• What you need to do: If a line below falls between the line with "10 ton crane" and the line with "Team 64GB Micro", or is one of those two, output it exactly; output nothing else and no pictures.
================================
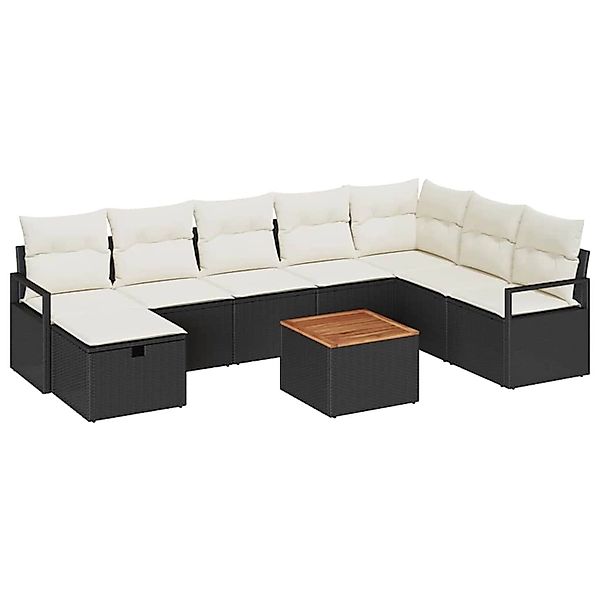 vidaXL Garten-Sofa-Set mit Kissen 9-Tlg Schwarz Poly Rattan 3360883 günstig online kaufen
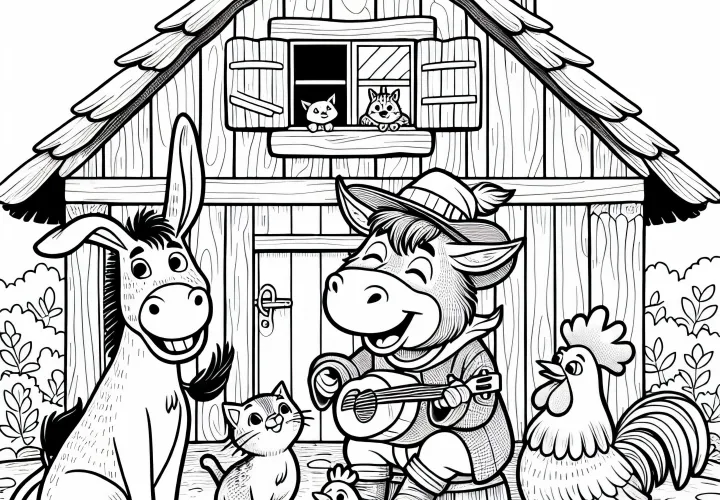 The Bremen Town Musicians sit happily at the robbers' house - Coloring picture fairy tale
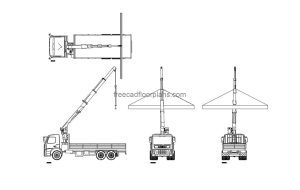 10 ton crane truck autocad drawing, plan and elevation 2d views, dwg file free for download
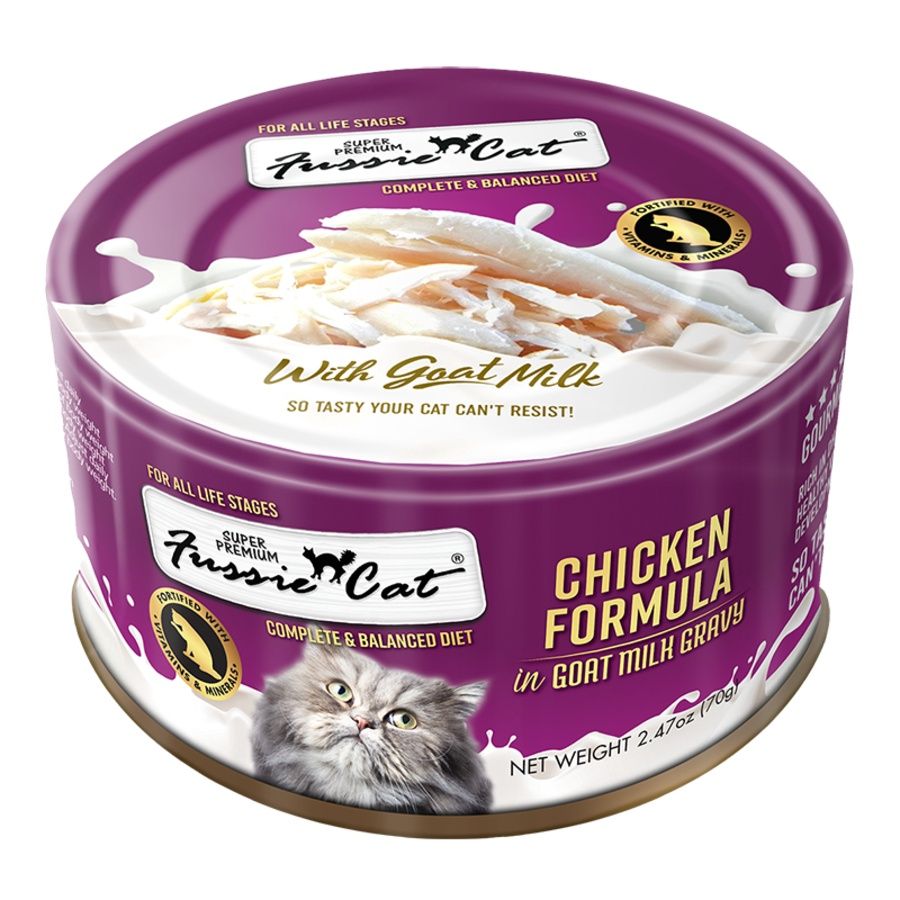 Fussie Cat (Case Pack) - Premium Chicken in Goat Milk Gravy Shredded Wet Cat Food, 2.47-oz / Case of 24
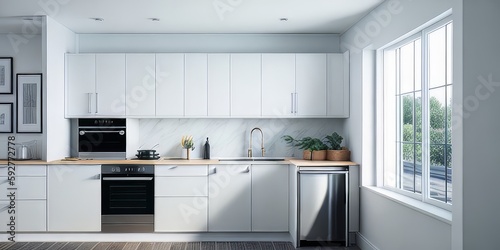 Well lit spacious kitchen mockup in white wall colors with furniture giving some level of contrast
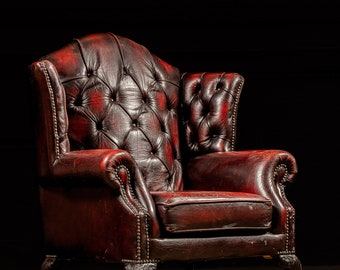 Vintage Tufted Leather Wingback Armchair In Oxblood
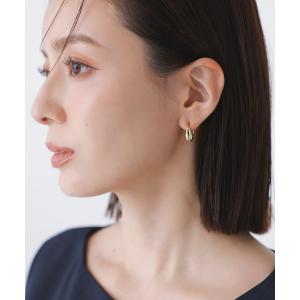 HERMES オランプPM フープ ピアス メッキ レザー シルバー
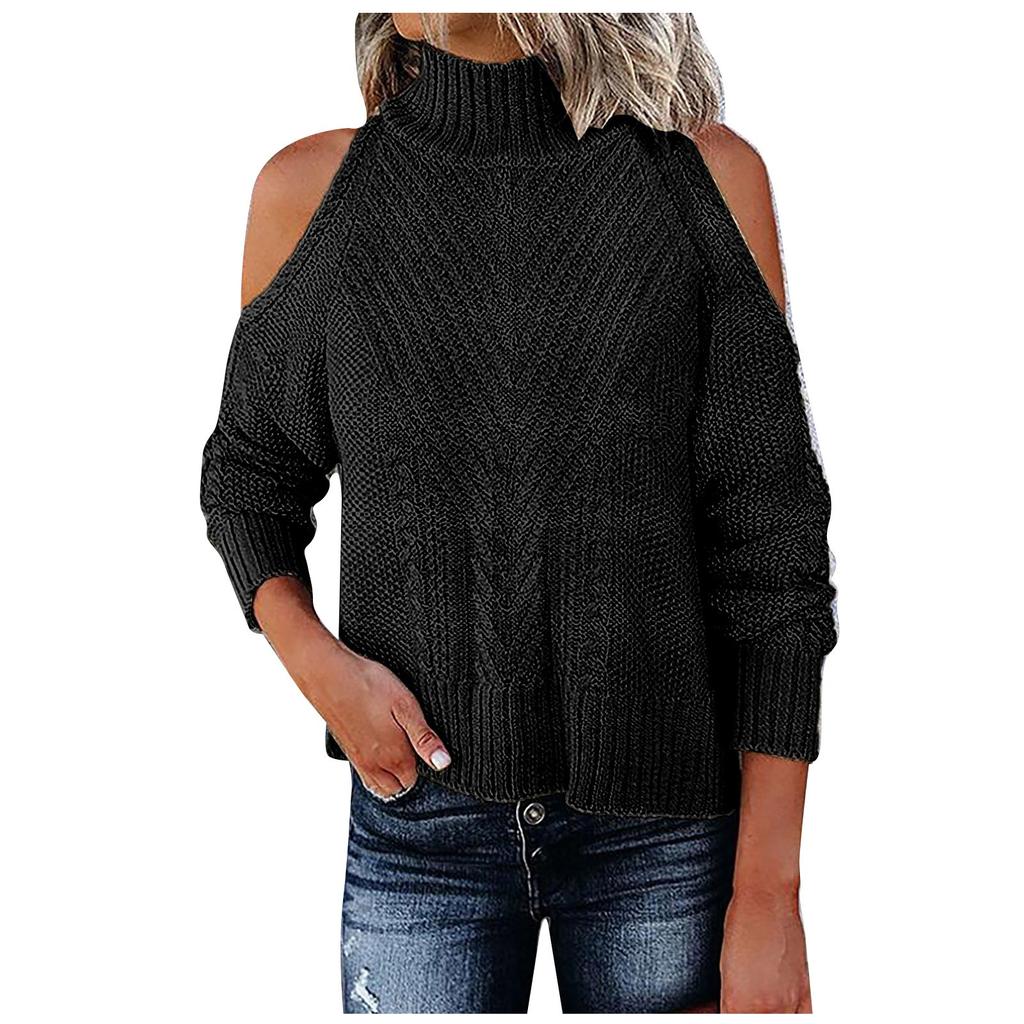 Ladies Fashion Sweater Solid Color Off Shoulder Oversize Loose Sweater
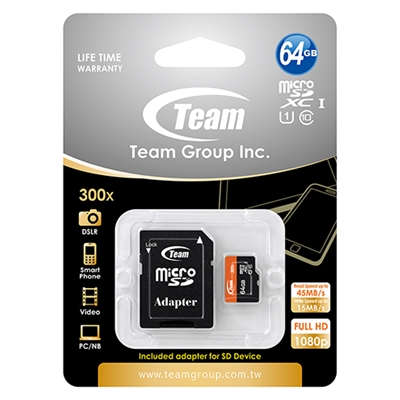 Team 64GB Micro SDXC UHS-1 Class 10 Flash Card with Adapter - Image 2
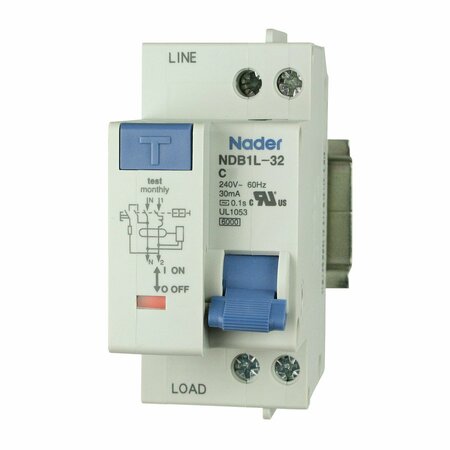 ASI Circuit Breaker, NDB1L-32C Series 16A, 2 Pole, 240V AC, C Curve NDB1L-32C-16-240V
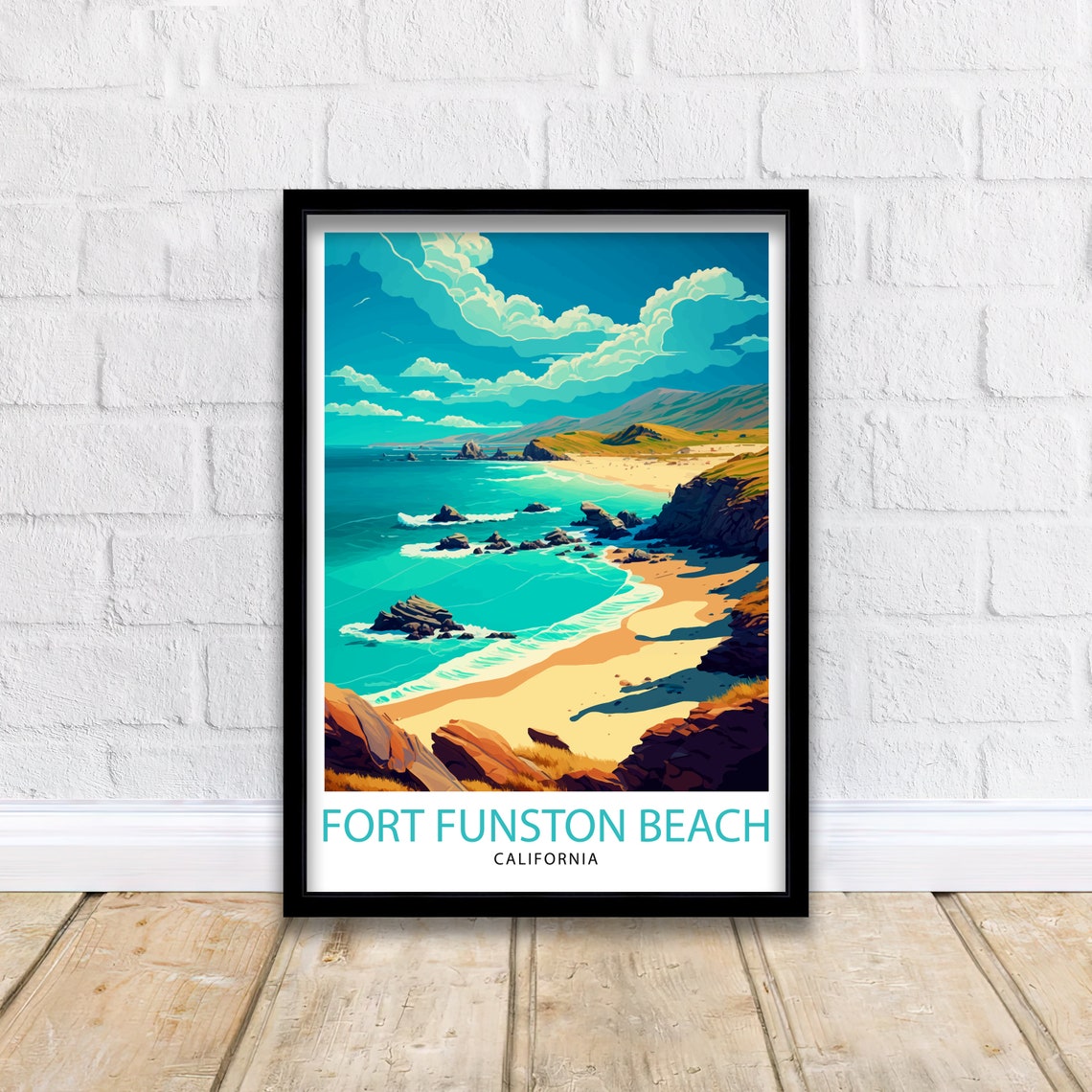Fort Funston Beach California Rocky Coast Surf Vintage Travel Poster - Image 2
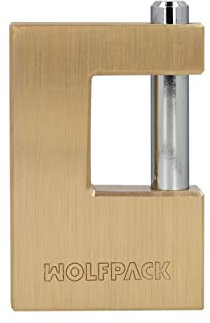 WOLFPACK LINEA PROFESIONAL 03100170 Candado Cuadrado Latón Persiana Ancho 70 mm. Alta Seguridad, Antirrobo Puertas, Contenedores, Trasteros, 2 Llaves, Multicolor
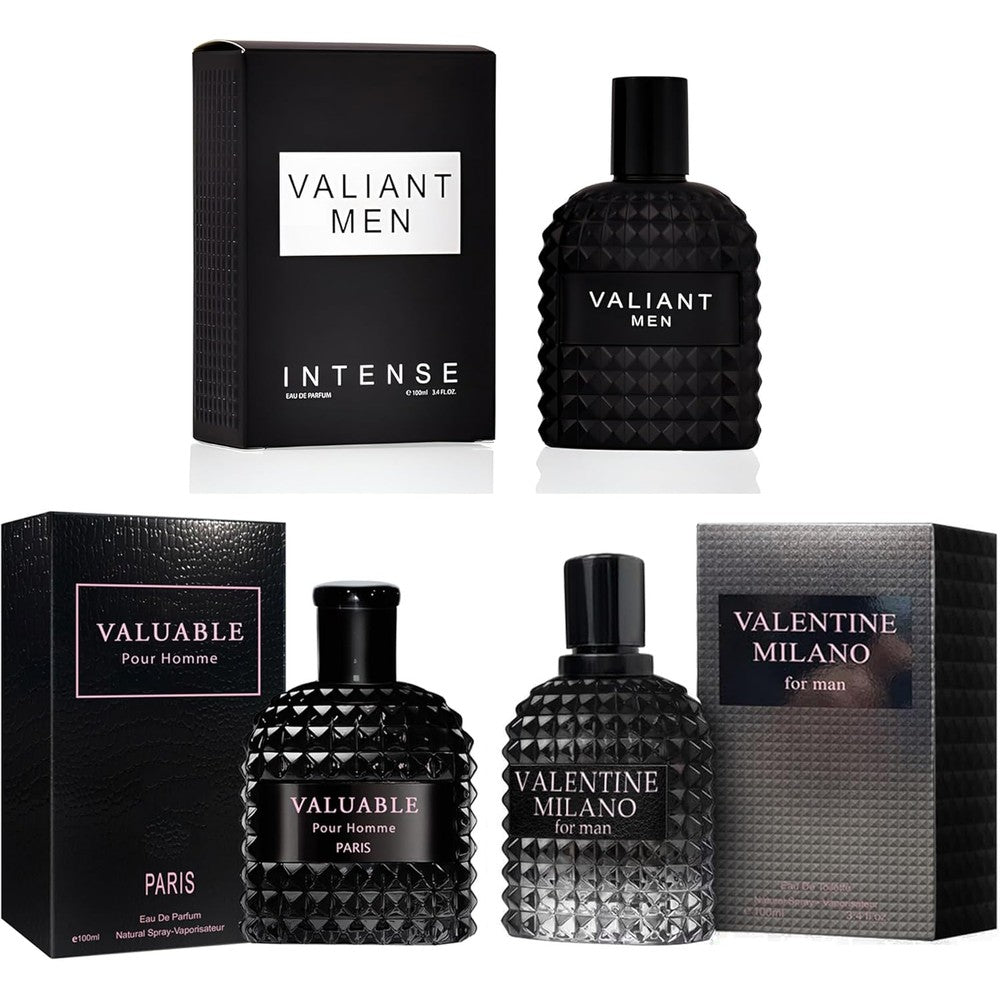 A Center 3 pack men cologne gift set front view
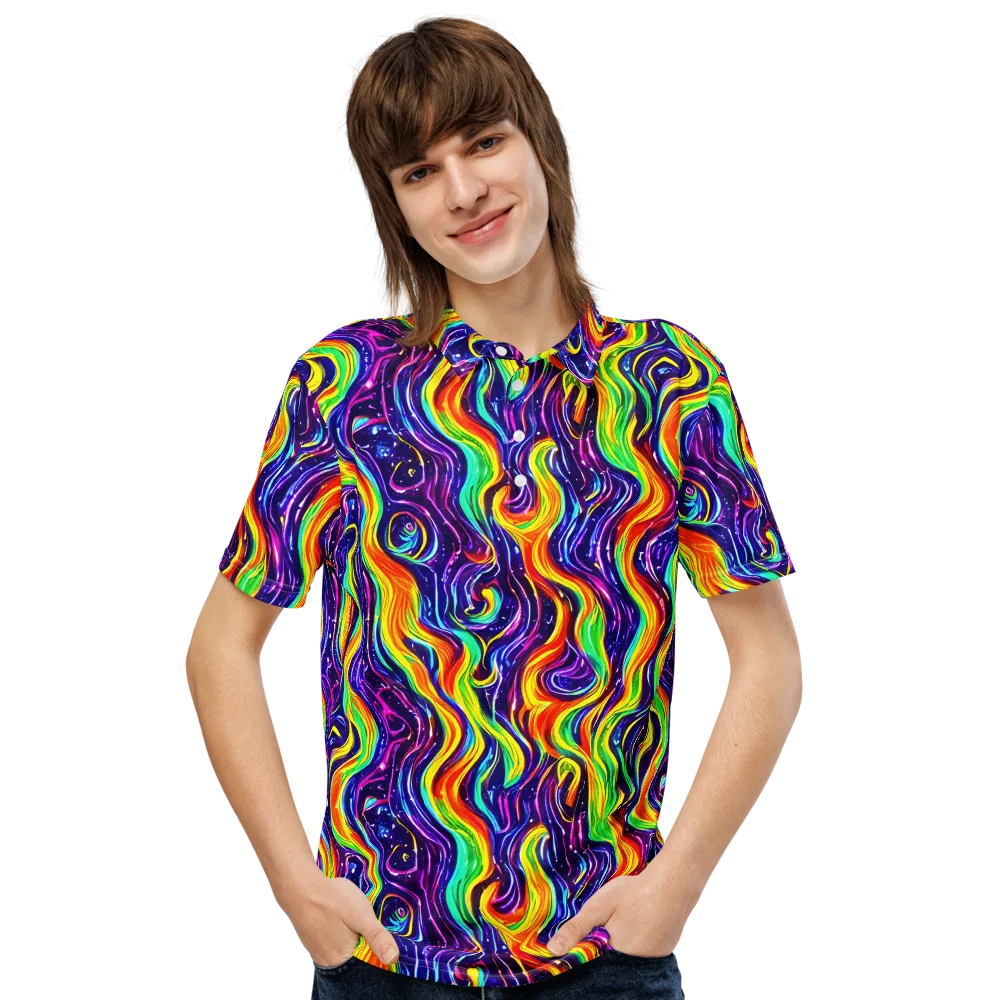 Galactic Flames on Men's Slim Fit Polo Shirt — Front
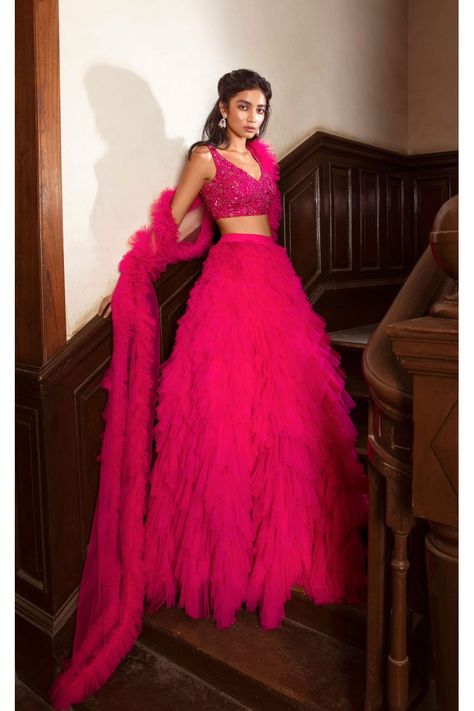 Hot Pink Indian Dress, Hot Pink Cute Outfits, Dark Pink Dress Indian, Ruffle Gown Indian, Hot Pink Indian Outfit, Hot Pink Lengha, Ruffle Lehenga Designs, Pink Traditional Dress, Pink Indian Outfit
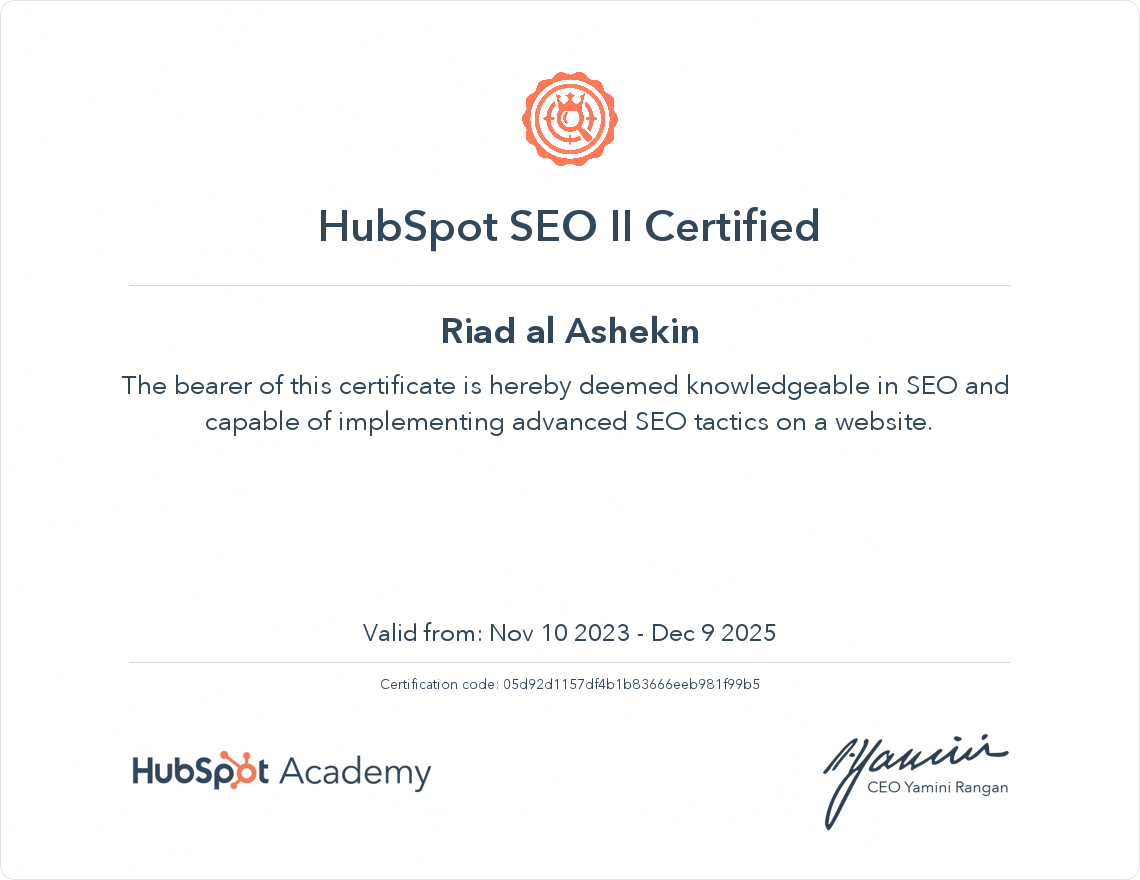 HubSpot SEO Certified by Hubspot Academy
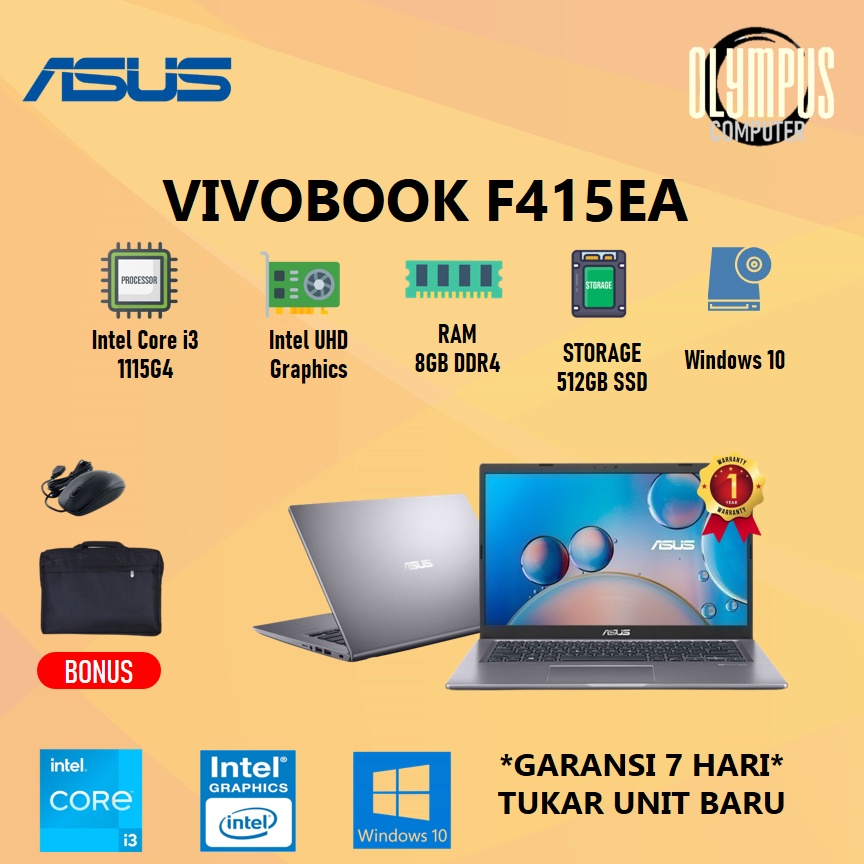 Laptop Asus Vivobook F415EA Core i3 1115G4 8GB 512SSD W10 14.0FHD IPS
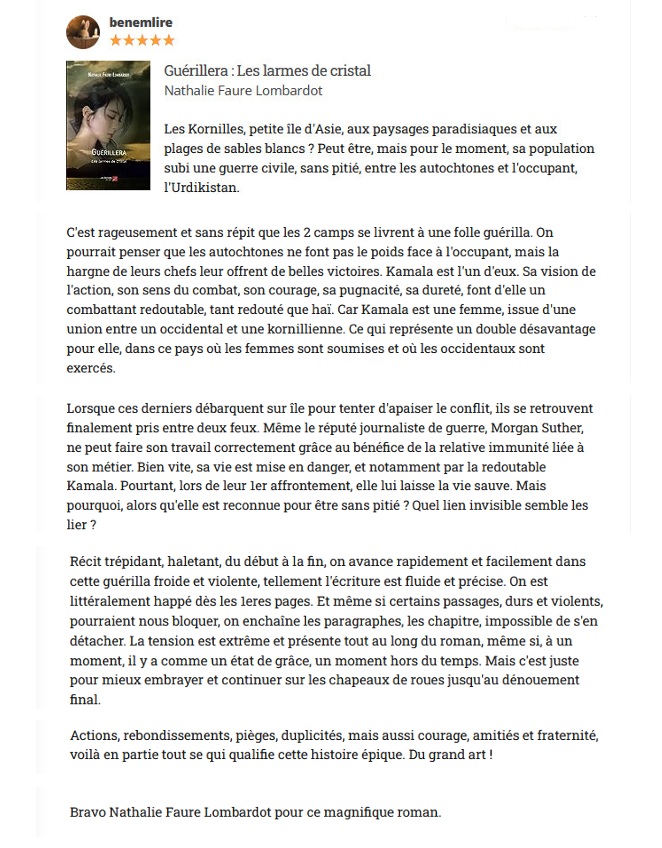 Très bon retour de Béné, chroniqueuse ! Merci à vous.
================================
• Output of the task:
 10 ton crane truck autocad drawing, plan and elevation 2d views, dwg file free for download
 Fussie Cat (Case Pack) - Premium Chicken in Goat Milk Gravy Shredded Wet Cat Food, 2.47-oz / Case of 24
 Well lit spacious kitchen mockup in white wall colors with furniture giving some level of contrast
 Vintage Tufted Leather Wingback Armchair In Oxblood
 HERMES オランプPM フープ ピアス メッキ レザー シルバー
 Ladies Fashion Sweater Solid Color Off Shoulder Oversize Loose Sweater
 Team 64GB Micro SDXC UHS-1 Class 10 Flash Card with Adapter - Image 2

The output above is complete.